C’est aussi le bureau M3 Architectes qui concevra le lot sept appartenant à un propriétaire privé. Il est prévu d’y développer un immeuble administratif de 4950m2 bruts avec peut-être du commerce au rez-de-chaussée, l’ensemble étant entièrement voué à la location. Ainsi, sans être identique, une cohérence architecturale se dégagera des nouvelles constructions sur l’ensemble des huit lots qui composent le PAP.

L’aménagement paysager de la placette est confié à l’ingénieur paysagiste Carlo Mersch. 

Des alentours aussi en mutation

Le développement se poursuit aussi en dehors du PAP Dernier Sol. En face des résidences développées par Eaglestone, le terrain a été vendu à Creahaus qui prévoit d’y réaliser un projet, mais sur lequel nous n’avons pas pu avoir plus d’informations.

 La résidence entrera prochainement en commercialisation.
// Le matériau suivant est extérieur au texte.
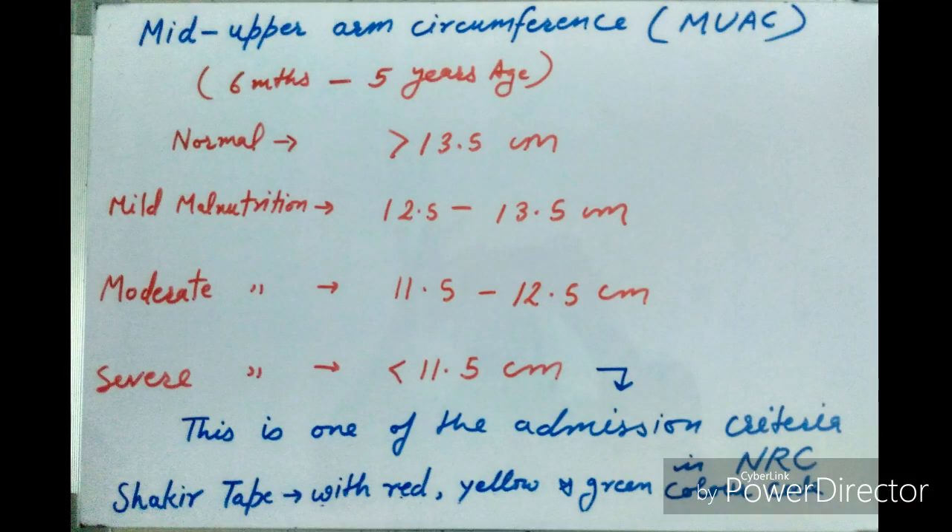Mid-upper arm circumference is measured in children aged six months to five years. If it is more than 13.5 centimeters, it is normal. If it is between 12.5 and 13.5 centimeters, it indicates mild malnutrition and the baby requires home-based management. Between 11.5 and 12.5 centimeters indicates moderate malnutrition, requiring care at a CMTC (Child Malnutrition Treatment Center). Less than 11.5 centimeters indicates severe malnutrition, requiring treatment at a Nutritional Rehabilitation Center at tertiary care level.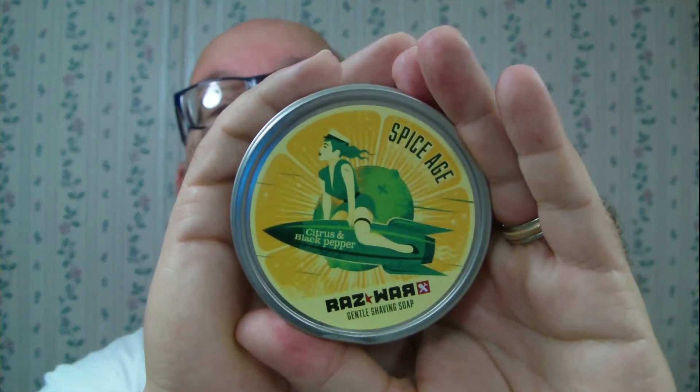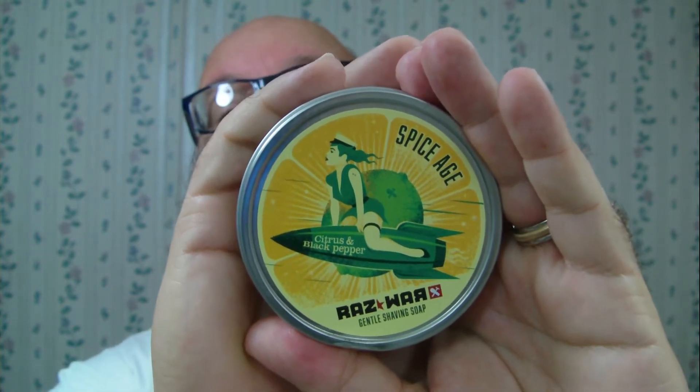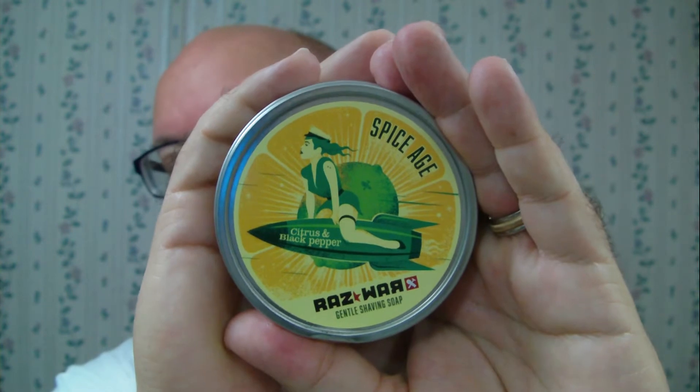Howdy folks! Today's soap is going to be from Razzwar. It's called Spice Age and this is citrus and black pepper.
The Agency construit également deux nouvelles résidences, Elidia au 65, route de Thionville et Teva au 122, route de Thionville qui seront livrées respectivement au 1er trimestre 2023 et au 1er trimestre 2024.

Malgré les rumeurs, les concessions Losch ne semblent pas avoir prévu de quitter les lieux, ou ne souhaitent pas le confirmer pour le moment. Et le déménagement de la Fixerstuff ne semble pas non plus avoir beaucoup progressé. À moyen ou long terme, le front de la route de Thionville sera aussi certainement amené à être remodelé.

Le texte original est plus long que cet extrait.